Monday, December 04, 2006

Alea iacta est!

Finished the trilogy. The Reckoning completes the Sharon Kay Penman saga of Wales and England. The conquering of Wales is a depressing story, so the book doesn't end on a happy note. The main characters (or at least the ones based on real people), their children, and their friends, all end up wasting away in English prisons, hung/drawn/quartered, or beheaded and their heads on pikes. There's also one death-in-childbirth chapter with one of the main characters. Two made-up characters survive to symbolize hope. But the rest is still a sad, tragic tale.
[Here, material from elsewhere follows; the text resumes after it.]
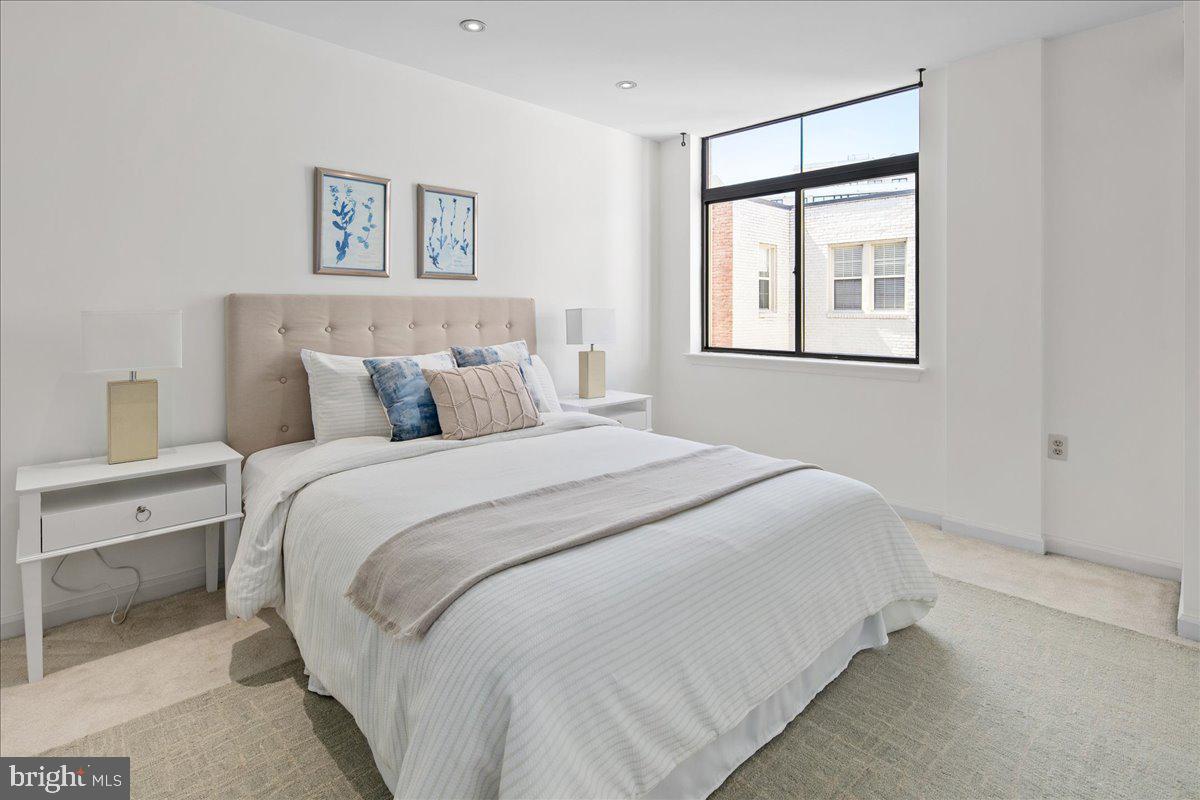 1312 Massachusetts Avenue Northwest, Unit 710 Washington, DC 20005 - Photo 22 of 30 a bedroom with a bed and a window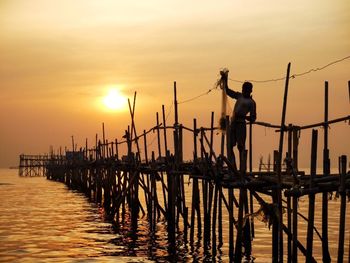 Pier on sea at sunset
I knew I wouldn't like reading about the late-13th century. But Penman again does a good job of getting into the minds of characters who are also historical figures. Like Davydd, the last Prince of Wales, who festers in an English jail knowing he'll be hung, drawn, and quartered. She did a good job of writing defiant and despairing thoughts that seem logical for a man about to face that horrible fate. Her character depictions work well except with Edward I. (She had the same issue with King John, in the first book of the trilogy.) She tries valiantly to reconcile the loyal family member to the heartless butcher, but the only sentiments she can fall back on are politcal. Where she was okay with simply not resolving those contradictions in John (the whole point was that he's a big, evil mystery), with Edward she tries to throw in a King Arthur complex. But it doesn't emerge until the final chapters, this desire to conquer the entire island, and doesn't really explain away his earlier cruelties.

Though the third and final book ends with a lot of violence and misery, it's still better than the second, which pretty much had a death per chapter. This last book also featured a pirate kidnapping a royal bride, a notorious murder in an Italian church, foiled assassination plots, and of course, several Welsh rebellions. It all really happened, which I guess makes it both intriguing and sad.

2 comments:

Xtina said...

in what order is the hanging drawing and quartering? like, are you dead for the most awful part? how does it really work?

Rainster said...

It's pretty gross. Did you ever see Braveheart? That's how Wallace died.